President Sirisena is also facing political opposition, with the United National Party issuing a statement last week that it was opposed to the death penalty. Former President Mahinda Rajapaksa, who leads the Joint Opposition caucus in Parliament also told the media that he was opposed to resuming executions, adding that “this was not the right time” to end the moratorium on judicial killings. The JVP and the Tamil National Alliance do not favour resuming executions.
An increasingly incensed and isolated President Sirisena is accusing those opposing the death penalty of being in league with drug-lords. Yesterday, he said the Easter Sunday attackers were found to have been linked to drug traffickers. However, law enforcement authorities investigating the attacks are yet to publicise evidence in this regard, or a related line of inquiry into the suicide bombings.

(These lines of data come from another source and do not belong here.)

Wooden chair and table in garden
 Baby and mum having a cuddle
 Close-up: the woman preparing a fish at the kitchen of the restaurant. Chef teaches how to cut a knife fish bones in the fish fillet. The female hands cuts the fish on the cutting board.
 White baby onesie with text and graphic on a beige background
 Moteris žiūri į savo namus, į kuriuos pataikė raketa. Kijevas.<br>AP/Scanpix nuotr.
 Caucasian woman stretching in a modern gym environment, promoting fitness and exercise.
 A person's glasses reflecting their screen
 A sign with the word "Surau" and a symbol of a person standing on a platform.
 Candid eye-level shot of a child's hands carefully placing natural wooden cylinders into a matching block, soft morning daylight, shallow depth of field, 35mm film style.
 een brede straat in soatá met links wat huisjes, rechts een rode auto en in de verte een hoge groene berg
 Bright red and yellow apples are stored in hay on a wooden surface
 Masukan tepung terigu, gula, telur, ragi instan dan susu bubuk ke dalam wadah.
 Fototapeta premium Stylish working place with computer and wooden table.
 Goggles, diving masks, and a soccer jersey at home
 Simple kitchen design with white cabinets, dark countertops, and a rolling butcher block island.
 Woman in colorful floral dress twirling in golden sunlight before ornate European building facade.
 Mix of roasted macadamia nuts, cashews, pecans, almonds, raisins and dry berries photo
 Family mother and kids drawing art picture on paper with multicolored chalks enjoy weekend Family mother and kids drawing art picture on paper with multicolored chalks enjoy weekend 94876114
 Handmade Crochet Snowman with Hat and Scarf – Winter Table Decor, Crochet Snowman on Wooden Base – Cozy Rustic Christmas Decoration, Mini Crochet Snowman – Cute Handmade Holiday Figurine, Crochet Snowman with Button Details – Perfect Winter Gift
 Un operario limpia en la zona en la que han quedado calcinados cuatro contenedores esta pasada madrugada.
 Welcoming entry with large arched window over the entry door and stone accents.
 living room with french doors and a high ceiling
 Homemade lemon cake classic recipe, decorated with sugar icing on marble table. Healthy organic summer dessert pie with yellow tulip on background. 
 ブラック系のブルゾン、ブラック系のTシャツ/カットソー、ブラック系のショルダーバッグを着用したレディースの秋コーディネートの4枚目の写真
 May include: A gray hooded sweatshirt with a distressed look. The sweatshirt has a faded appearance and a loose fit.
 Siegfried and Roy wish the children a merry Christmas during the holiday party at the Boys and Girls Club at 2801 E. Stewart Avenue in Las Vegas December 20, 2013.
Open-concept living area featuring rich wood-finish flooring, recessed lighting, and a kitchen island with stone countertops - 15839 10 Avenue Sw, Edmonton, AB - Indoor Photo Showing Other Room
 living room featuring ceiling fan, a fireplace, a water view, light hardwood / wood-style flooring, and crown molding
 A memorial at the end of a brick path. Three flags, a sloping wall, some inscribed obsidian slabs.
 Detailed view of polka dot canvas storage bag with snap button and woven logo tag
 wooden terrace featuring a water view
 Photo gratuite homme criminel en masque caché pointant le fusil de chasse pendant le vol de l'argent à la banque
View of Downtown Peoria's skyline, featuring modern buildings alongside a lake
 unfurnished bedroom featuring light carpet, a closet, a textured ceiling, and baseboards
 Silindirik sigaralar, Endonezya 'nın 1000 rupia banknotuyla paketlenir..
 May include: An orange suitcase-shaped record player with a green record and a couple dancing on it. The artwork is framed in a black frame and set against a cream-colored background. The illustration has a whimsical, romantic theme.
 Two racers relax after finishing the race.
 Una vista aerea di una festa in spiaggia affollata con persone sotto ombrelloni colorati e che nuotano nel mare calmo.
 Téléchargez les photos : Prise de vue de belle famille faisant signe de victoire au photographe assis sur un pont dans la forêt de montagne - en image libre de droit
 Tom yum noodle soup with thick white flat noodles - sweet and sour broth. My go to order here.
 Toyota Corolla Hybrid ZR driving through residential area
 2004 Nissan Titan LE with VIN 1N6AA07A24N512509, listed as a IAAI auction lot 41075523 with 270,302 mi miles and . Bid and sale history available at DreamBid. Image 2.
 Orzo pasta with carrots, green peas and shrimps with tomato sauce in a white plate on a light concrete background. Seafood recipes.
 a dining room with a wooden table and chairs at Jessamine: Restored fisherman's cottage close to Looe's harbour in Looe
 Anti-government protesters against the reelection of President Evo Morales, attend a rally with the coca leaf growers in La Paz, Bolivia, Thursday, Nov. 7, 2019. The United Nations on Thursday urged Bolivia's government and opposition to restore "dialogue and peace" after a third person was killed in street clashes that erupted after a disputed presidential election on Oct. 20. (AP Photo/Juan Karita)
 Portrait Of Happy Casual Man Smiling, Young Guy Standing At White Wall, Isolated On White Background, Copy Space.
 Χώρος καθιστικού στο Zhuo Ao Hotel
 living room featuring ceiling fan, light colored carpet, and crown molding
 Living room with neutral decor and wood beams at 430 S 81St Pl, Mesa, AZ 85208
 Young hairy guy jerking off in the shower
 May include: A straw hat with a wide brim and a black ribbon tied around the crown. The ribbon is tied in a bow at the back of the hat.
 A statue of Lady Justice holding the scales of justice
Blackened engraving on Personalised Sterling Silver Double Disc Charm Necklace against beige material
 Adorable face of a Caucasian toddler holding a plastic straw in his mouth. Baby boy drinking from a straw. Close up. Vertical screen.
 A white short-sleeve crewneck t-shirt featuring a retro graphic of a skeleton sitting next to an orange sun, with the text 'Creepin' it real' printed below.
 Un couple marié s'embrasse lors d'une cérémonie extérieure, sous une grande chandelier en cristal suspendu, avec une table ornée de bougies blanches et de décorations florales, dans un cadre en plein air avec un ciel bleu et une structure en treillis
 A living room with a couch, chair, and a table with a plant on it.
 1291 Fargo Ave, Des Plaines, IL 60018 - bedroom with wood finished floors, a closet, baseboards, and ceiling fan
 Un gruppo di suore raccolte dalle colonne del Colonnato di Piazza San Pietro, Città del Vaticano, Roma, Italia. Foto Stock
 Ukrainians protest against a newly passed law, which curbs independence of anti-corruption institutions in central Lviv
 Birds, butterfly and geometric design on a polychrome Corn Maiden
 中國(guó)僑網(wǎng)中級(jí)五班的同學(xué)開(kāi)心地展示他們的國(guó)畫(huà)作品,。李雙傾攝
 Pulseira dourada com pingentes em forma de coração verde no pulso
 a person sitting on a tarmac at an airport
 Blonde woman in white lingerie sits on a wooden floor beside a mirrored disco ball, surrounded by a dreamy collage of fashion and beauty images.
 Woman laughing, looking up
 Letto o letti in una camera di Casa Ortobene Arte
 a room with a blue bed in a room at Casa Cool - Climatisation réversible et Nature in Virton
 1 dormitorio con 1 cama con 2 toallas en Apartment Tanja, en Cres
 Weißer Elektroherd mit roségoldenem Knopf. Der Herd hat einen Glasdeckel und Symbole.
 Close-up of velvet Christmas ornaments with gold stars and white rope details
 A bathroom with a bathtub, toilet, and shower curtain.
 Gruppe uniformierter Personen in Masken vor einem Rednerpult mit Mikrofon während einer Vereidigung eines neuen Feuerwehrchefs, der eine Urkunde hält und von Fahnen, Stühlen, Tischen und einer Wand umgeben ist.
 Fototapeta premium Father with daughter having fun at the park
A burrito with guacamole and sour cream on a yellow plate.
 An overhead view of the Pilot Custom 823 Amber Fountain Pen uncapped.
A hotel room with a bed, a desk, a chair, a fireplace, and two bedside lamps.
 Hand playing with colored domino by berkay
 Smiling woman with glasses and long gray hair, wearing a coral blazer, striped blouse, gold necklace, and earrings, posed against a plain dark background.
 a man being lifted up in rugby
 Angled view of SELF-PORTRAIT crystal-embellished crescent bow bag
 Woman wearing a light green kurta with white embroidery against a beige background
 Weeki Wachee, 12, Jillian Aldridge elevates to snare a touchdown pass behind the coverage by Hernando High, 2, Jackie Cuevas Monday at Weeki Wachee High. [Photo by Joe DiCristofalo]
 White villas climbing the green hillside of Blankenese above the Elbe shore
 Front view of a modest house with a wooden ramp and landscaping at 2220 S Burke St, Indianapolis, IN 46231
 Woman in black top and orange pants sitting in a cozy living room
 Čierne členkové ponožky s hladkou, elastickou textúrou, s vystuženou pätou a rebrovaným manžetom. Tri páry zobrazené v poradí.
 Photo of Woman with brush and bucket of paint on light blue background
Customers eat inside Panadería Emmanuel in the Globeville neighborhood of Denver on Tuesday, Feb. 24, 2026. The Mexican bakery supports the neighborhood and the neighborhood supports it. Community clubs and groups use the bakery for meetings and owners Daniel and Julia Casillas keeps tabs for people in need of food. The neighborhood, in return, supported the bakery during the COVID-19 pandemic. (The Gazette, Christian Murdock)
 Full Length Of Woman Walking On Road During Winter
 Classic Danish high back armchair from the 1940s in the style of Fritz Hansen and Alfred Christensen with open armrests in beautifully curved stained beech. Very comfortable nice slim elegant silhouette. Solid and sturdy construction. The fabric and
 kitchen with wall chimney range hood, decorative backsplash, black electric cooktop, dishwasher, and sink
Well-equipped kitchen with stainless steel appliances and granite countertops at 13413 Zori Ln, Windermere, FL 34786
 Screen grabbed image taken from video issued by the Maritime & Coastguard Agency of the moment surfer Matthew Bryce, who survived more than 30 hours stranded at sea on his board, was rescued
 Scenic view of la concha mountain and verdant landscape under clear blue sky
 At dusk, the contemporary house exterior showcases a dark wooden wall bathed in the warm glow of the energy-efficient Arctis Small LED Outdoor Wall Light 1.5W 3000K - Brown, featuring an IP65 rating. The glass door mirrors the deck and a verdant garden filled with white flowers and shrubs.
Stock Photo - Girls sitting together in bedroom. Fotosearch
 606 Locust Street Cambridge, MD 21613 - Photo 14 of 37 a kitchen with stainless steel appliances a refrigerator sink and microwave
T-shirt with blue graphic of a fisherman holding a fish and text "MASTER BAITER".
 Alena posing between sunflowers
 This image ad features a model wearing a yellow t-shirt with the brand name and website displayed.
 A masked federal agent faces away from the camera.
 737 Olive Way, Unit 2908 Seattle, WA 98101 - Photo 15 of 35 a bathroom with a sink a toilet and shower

In statements made yesterday, President Sirisena also continued to hail the war on drugs in the Philippines, which UN experts claim have resulted in a “staggering” number of extra-judicial killings. “I will not follow the Philippines system, but I would have if I could,” President Sirisena said at an event at the Sugathadasa Stadium to mark the end of National Drug Prevention week.
Last Wednesday (26 June), President Sirisena told the media that he had signed the death warrants of four prisoners condemned to death and that the executions would take place within a fortnight.
Earlier this week the President said he had rejected an appeal from UN Secretary General Antonio Guterres to reconsider his decision to resume executions.
Rights groups have widely condemned the decision to resume hangings in Sri Lanka and warn of “devastating” consequences for the country’s international reputation in the event the executions go ahead.
In its statement after filing a fundamental rights application seeking to stay the executions, the Centre for Policy Alternatives noted that it has long been recognised that hanging by death is a cruel and inhuman form of punishment, not befitting a multi-religious and civilised society. “Though convicts have been sentenced to death, the long-recognised practice in Sri Lanka for over 43 years has been that they were not executed,” the CPA statement noted.
“At a time when other countries have come to the realisation that their drug control policies are in need of reform, and are taking steps to reduce the use of the death penalty, Sri Lanka is bucking the trend,” said South Asia Director at Amnesty International Biraj Patnaik.
South Asia Director for the New York based Human Rights Watch, said the death penalty was “inherently cruel”. “
“Sri Lanka with a 43-year moratorium was an example to others,” Ganguly said, “it is unfortunate that even as other nations are committing to abolish the practice, the Sri Lankan Government has chosen to be regressive”.
Former President of the Bar Association of Sri Lanka President’s Counsel U.R. de Silva said the President’s conduct was “unprecedented”. “This is not going to curtail drugs in Sri Lanka, this is playing to the masses,” the former BASL Chief said.
De Silva PC urged the President to go into the prisons and watch how a person marked for execution suffers during their final hours. The President has not made it clear how these four people chosen for hanging have been selected out of all those on death row, the former BASL president said. “There are a number of cases where convictions and death sentences have been overturned by the Court of Appeal after 10 or 12 years. What if a person does not have the capacity to appeal?” he added.